→ **TASK OBJECTIVE**: The output should hold exactly, and only, the lines from the line bearing "Arduino + PCF8574+" through the last line of the listing below, and no pictures.

╭─ RECORDED DATA

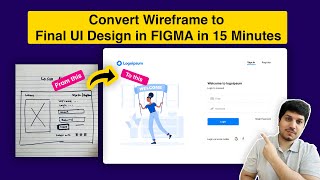 Figma Tutorial for Beginners (Wireframe to UI Design)
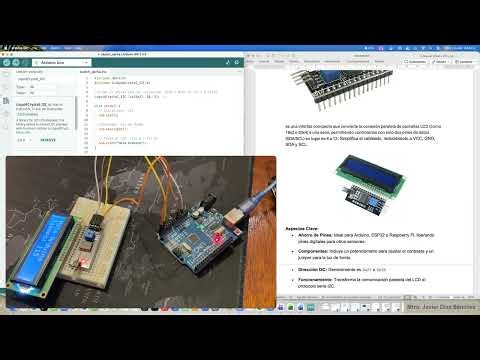 Arduino + PCF8574+ LCD: Una LCD con dos cables (Protocolo I2C con el adaptador PCF8574)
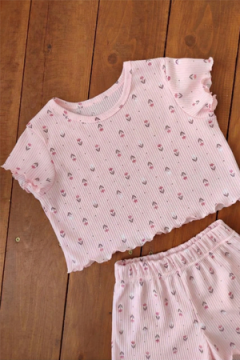 Пижама с шортами Пружинка топ с шортами 33069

╰─

→ **ANSWER SPACE**:
 Arduino + PCF8574+ LCD: Una LCD con dos cables (Protocolo I2C con el adaptador PCF8574)
 Пижама с шортами Пружинка топ с шортами 33069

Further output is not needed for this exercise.